(Short web captions)
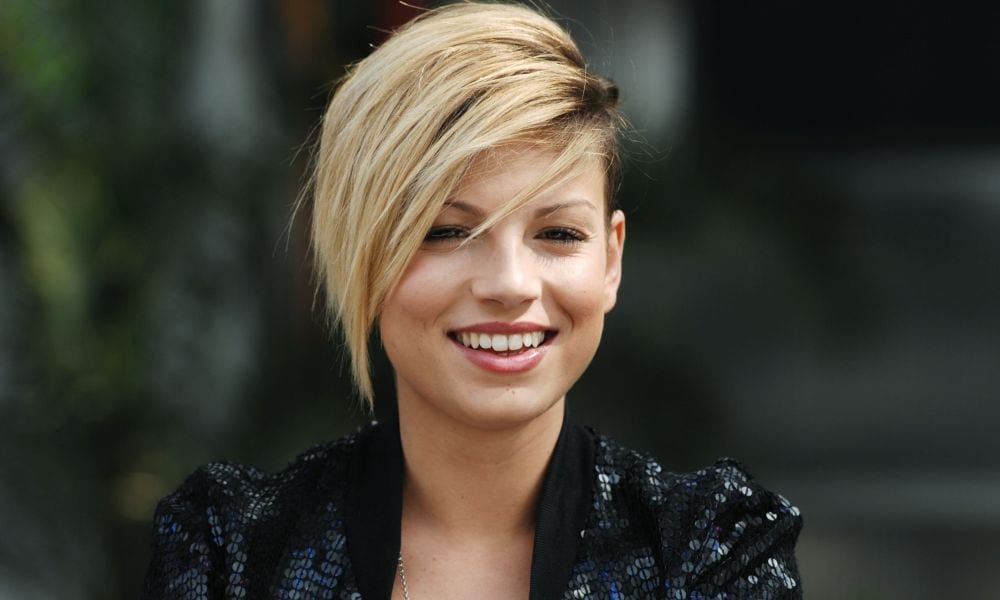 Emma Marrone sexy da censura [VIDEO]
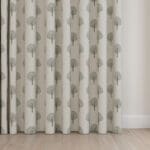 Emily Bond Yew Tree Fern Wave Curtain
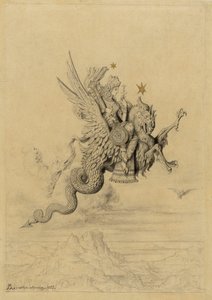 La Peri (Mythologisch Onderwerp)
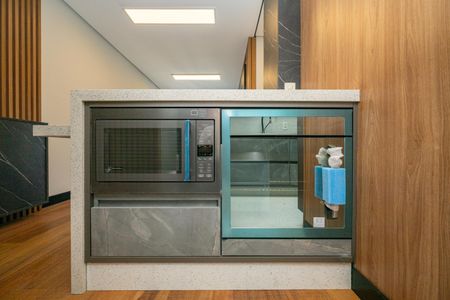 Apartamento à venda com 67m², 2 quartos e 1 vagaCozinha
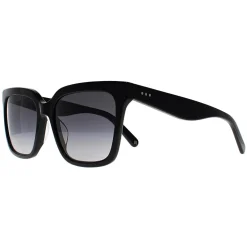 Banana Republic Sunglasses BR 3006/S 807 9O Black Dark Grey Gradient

- **Assigned task**
Write every line above again exactly, but leave the pictures out.

- **Response to this task**
 Emma Marrone sexy da censura [VIDEO]
 Emily Bond Yew Tree Fern Wave Curtain
 La Peri (Mythologisch Onderwerp)
 Apartamento à venda com 67m², 2 quartos e 1 vagaCozinha
 Banana Republic Sunglasses BR 3006/S 807 9O Black Dark Grey Gradient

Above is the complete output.